Supplied information:
******************************

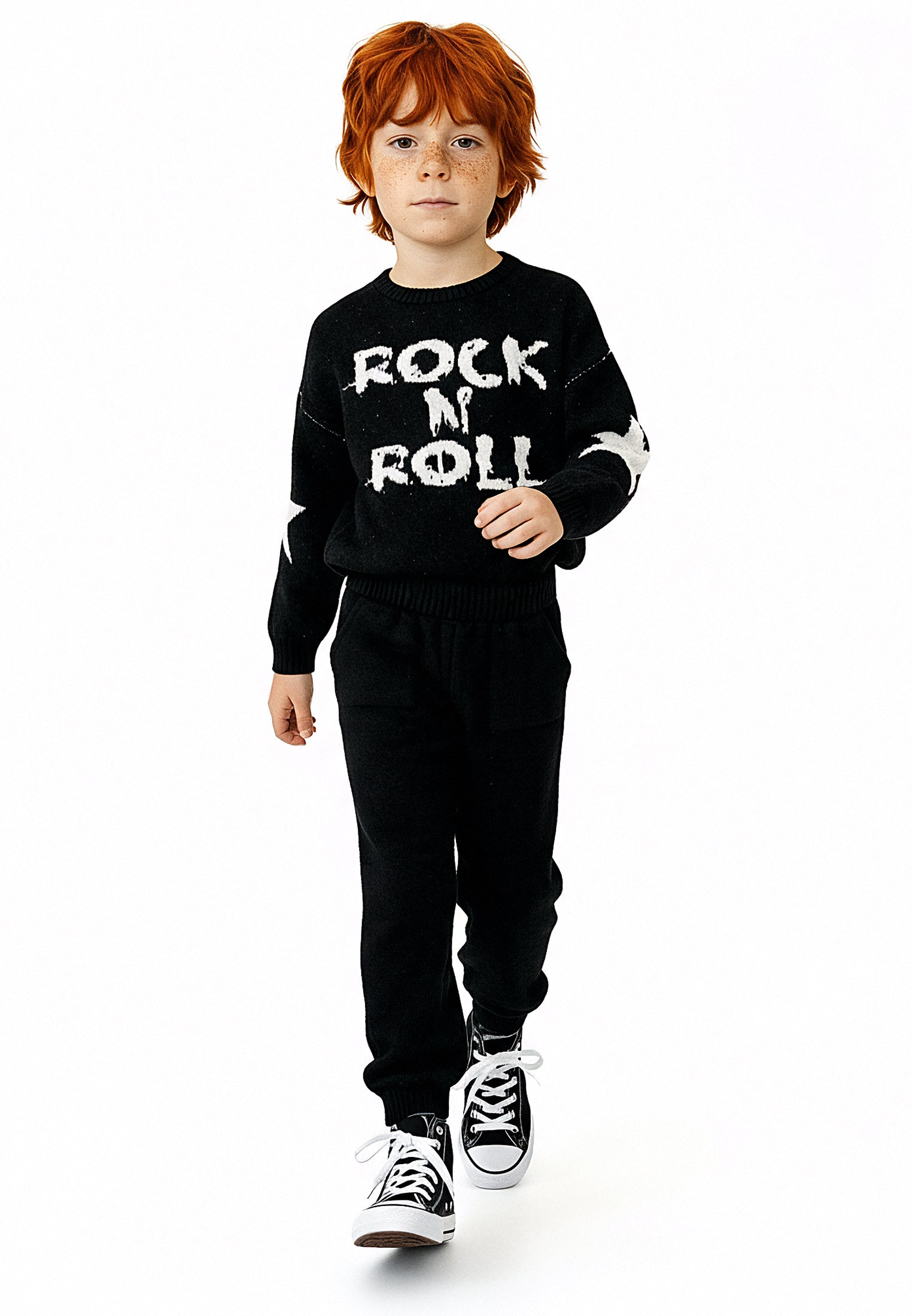 BOYS ROCK N ROLL JUMPER BLACK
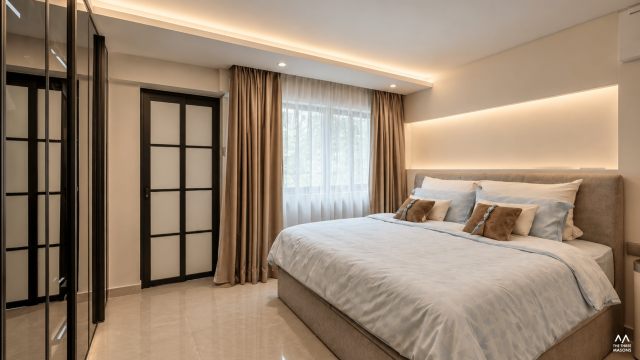 171 Ang Mo Kio 171 Ang Mo Kio HDB bedroom with a neutral upholstered bed, curtains and a ceiling fan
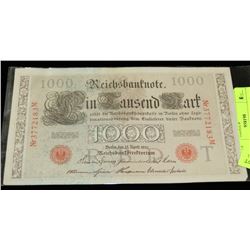 GERMAN 1000 MARK 1910 BANK NOTE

******************************

Directions for this task:
With pictures omitted, copy exactly the lines from the one containing "171 Ang Mo Kio 171" through the final line of the listing, both included.

Answer section:
 171 Ang Mo Kio 171 Ang Mo Kio HDB bedroom with a neutral upholstered bed, curtains and a ceiling fan
 GERMAN 1000 MARK 1910 BANK NOTE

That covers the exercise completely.